Sending you a big hug & prayer for peace as you face this difficult phase in the journey of life.
Have you thought about getting some therapy since you're feeling this so strongly?
This COVID situation is beyond your control so try your best to accept it and don't be too hard on yourself.
Grieving as your mom is in late stage dementia is perfectly normal. You're losing her bit by bit and it's a loss at all the stages.
I do feel in a very similar way. It's so difficult to even wrap my mind around the idea one day my mom won't be here. The only thing that makes me feel better is to know that I've done my very best for her, every day.
I don't know how, but find a way to be with her as much as you can. If this makes you feel better, do it, even if it means changing her place. With lots of empathy, you are not alone in this.
With COVID to deal with and not getting to see your mother much since the lockdown in March, it would be easy to become obsessed with wondering how much time your mother has left - it's a fear of the unknown along with the uncertainty of this new virus and the course it will continue to take. Just like your mom, my mom who is 95 and is in the moderate - advanced stage of Alzheimer's related dementia, she too is frail and mostly bed bound but, that's because in April she nearly died of severe dehydration and COVID. She was completely mobile (I did get her a walker after Thanksgiving just to get her used to using one) and able to dress herself. Not anymore. We moved her to a new facility and into their memory care wing along with hospice being involved. My mom has been falling more than ever and actually yesterday, was the first time I witnessed her fall while I was outside her window. She decided she wasn't going to wait for the caregiver to come in and open the blind, she did it herself even though I was telling her through the window not to. Sure enough after she let go of the cord, she lost her balance and fell backwards on the floor. I automatically let out a scream and felt helpless not being able to get inside to help her. So I know how you feel when it comes to anxiety every time your mom's facility calls to tell you she fell again. My mom has had many more falls since being in her new condition which really isn't getting much better. There have been several times, even going back to Mother's Day when I thought "this is the end." I even had called the mortuary and they sent me the paperwork to fill out and I also called the cemetery where she already has a plot where my dad was buried in 2004. You are most likely experiencing what they call "anticipatory grief" - I know I have, which is accompanied by crying and despair. My mom used to sleep most of the day at her previous facility. Now, with hospice involved they took her off all medications except a high dose of Tylenol because she has pain from arthritis and they aren't always able to verbalize how much pain they may be in. However, the hospice doctor recommended a very low dose of something that is used for people with depression/anxiety/poor sleep. She is doing much better now that she can sleep all the way through the night and I think there has only been one time when I went to visit her in the late afternoon, that the caregiver had to wake her up but, she became alert pretty quickly.

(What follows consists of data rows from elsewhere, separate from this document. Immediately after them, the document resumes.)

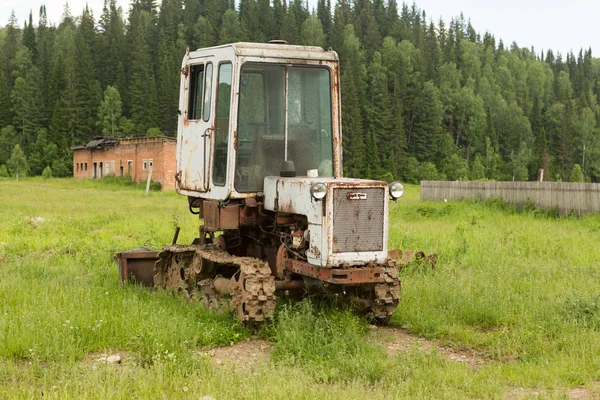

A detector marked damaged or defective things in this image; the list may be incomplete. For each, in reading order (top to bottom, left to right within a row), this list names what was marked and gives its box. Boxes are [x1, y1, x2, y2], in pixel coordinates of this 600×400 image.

rusty crawler tractor [115, 42, 422, 324]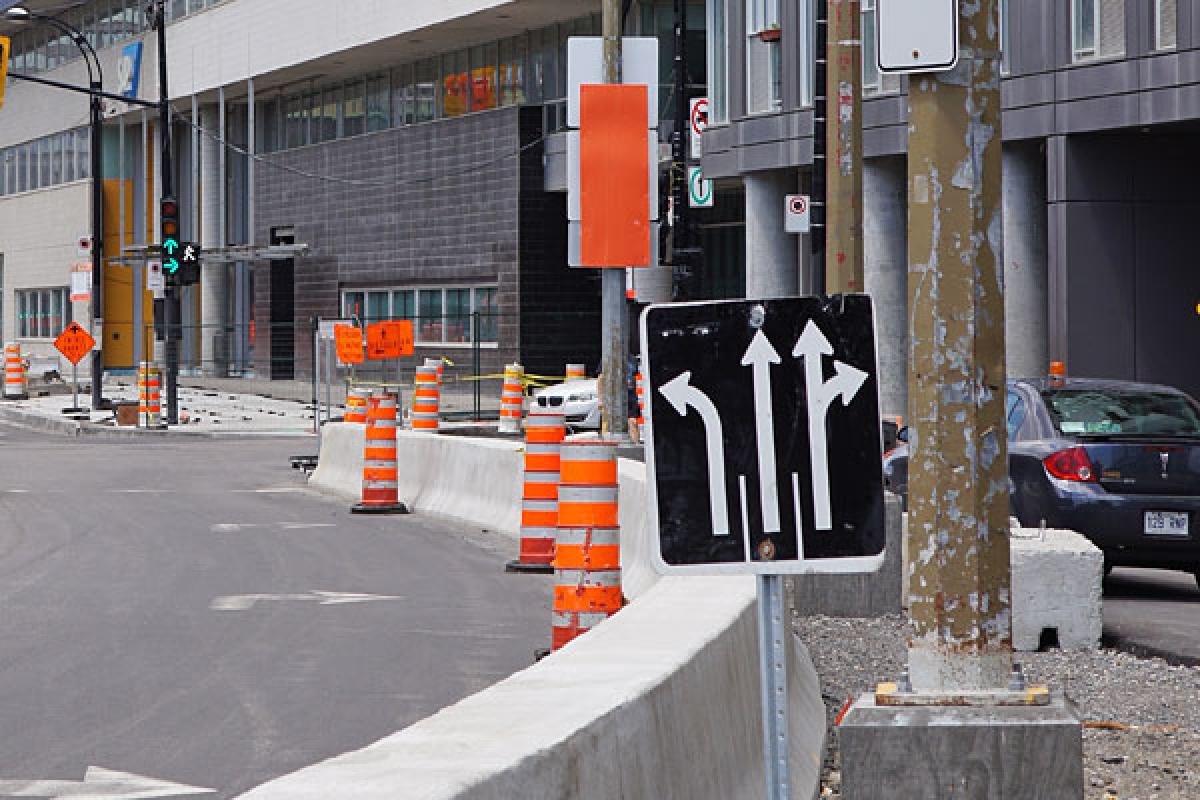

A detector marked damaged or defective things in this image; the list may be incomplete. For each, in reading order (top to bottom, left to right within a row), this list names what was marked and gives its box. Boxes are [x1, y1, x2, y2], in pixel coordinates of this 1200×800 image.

peeling paint on pole [825, 0, 864, 293]
peeling paint on pole [902, 0, 1008, 690]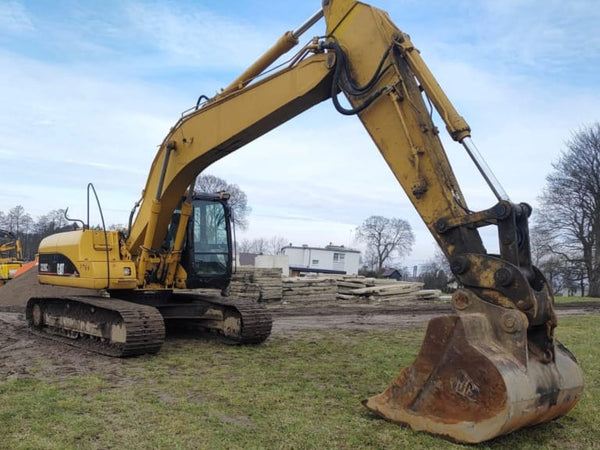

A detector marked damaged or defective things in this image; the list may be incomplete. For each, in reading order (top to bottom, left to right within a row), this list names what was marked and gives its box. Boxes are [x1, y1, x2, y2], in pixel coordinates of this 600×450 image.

rusty bucket [364, 288, 584, 442]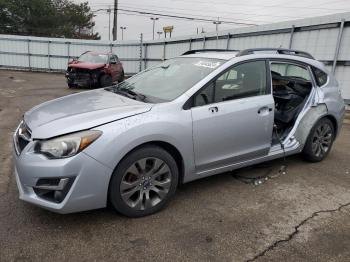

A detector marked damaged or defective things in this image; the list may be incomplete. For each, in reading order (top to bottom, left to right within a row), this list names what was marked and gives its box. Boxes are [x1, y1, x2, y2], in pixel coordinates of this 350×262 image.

red damaged car [65, 51, 124, 88]
damaged vehicle [65, 51, 124, 88]
damaged vehicle [13, 48, 344, 217]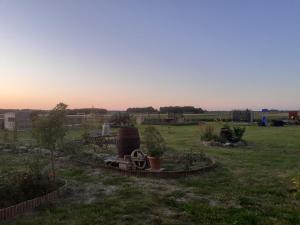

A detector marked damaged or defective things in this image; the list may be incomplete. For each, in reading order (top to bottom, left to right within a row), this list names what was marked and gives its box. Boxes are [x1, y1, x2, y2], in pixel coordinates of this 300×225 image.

rusty barrel [117, 126, 141, 158]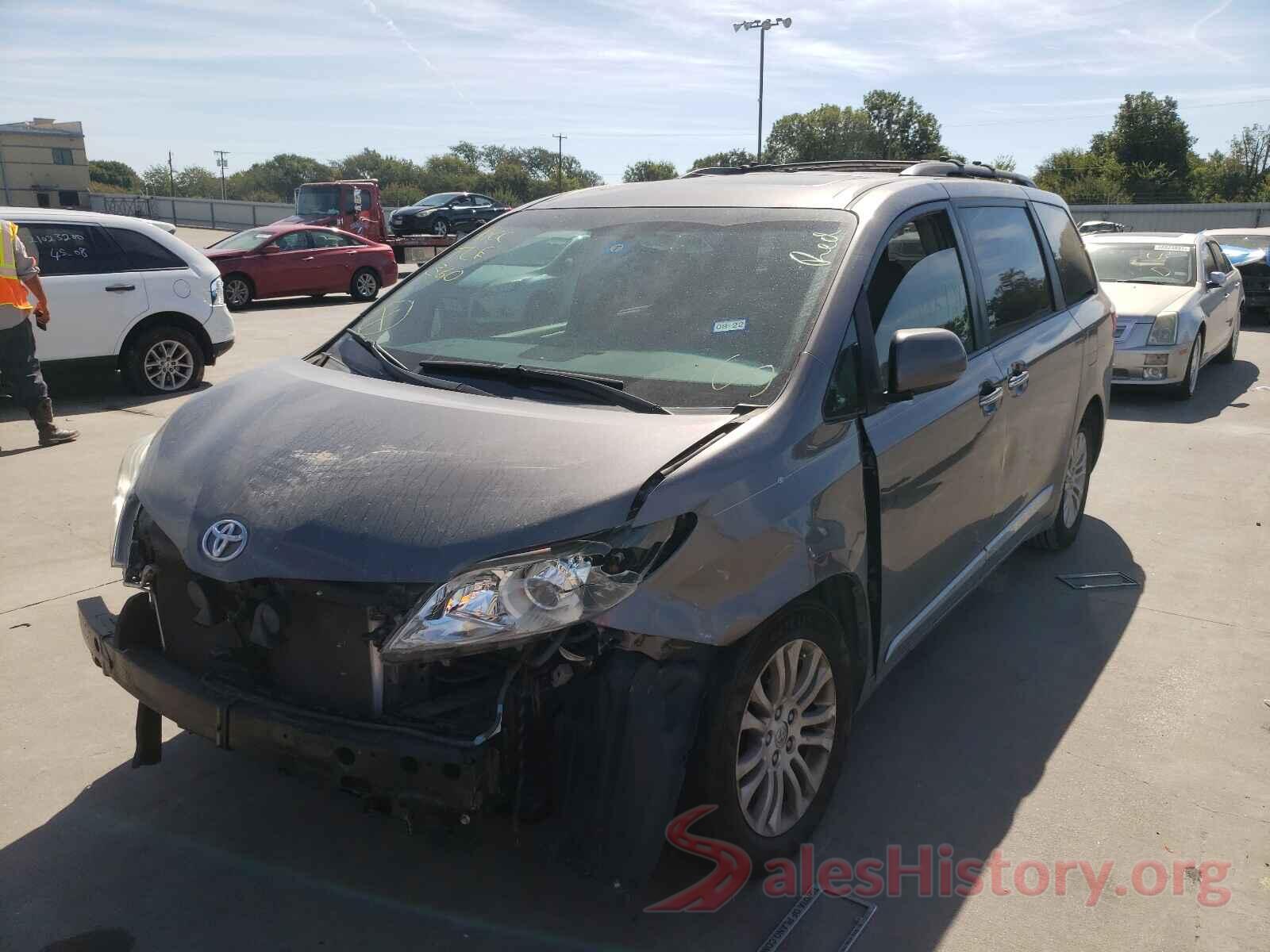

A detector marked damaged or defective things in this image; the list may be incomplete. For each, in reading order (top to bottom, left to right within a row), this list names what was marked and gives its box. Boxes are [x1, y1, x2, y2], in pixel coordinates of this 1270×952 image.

crumpled hood [1102, 282, 1188, 321]
broken headlight housing [111, 436, 155, 571]
crumpled hood [133, 358, 731, 581]
broken headlight housing [381, 515, 691, 665]
damaged front end [86, 510, 711, 883]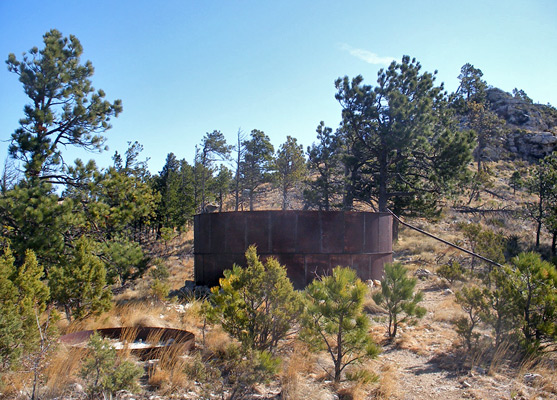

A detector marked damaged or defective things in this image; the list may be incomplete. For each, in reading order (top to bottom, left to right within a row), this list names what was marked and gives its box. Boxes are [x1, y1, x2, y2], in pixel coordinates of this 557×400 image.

rusted tank wall [194, 211, 390, 290]
rusty metal water tank [193, 211, 394, 290]
rusted brown metal surface [193, 211, 394, 290]
rusted brown metal surface [59, 324, 194, 360]
rusted metal ring in ground [59, 326, 194, 360]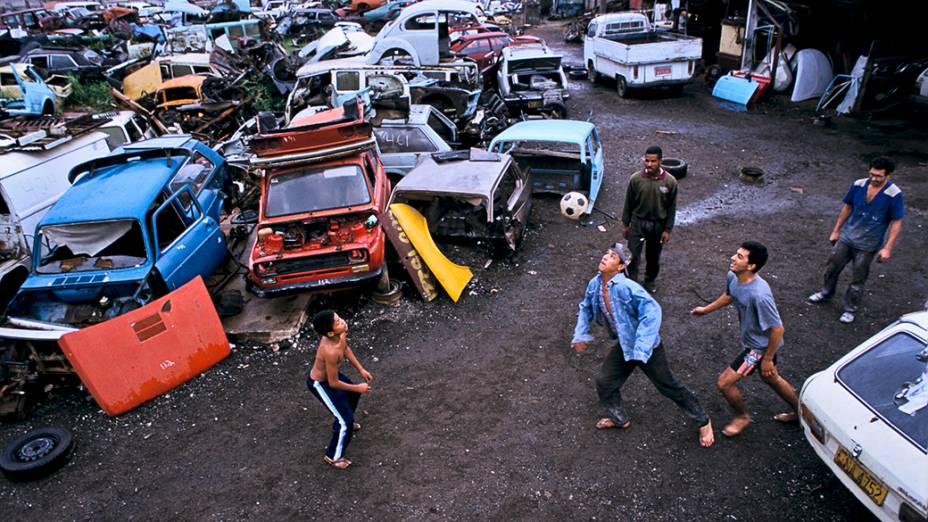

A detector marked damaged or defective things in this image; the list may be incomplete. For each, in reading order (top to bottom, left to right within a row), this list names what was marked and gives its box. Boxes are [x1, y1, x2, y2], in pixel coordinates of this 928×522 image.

broken windshield [36, 218, 149, 274]
crushed blue car [4, 136, 229, 328]
broken windshield [264, 165, 370, 217]
rusty vehicle [245, 99, 390, 294]
red damaged car [245, 100, 390, 296]
rusty vehicle [386, 148, 532, 252]
crushed blue car [490, 119, 604, 212]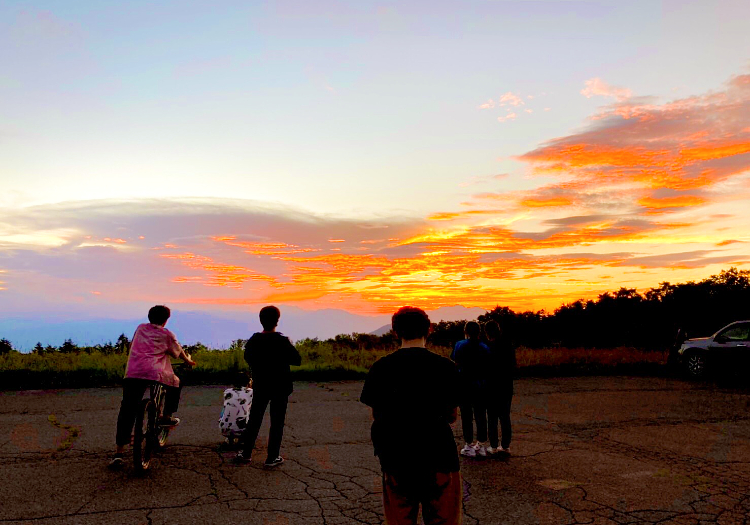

I'm not sure what type of dementia your mom has in regards to her now having hallucinations. I have not seen my mom deal with that issue.
I think when we can come to terms that there is no way we can control or foresee when "that moment" will come, then and only then will we be able to experience some peace of our own. I wish you and your mother well!
Does your mom have an advanced directive? Is she on hospice?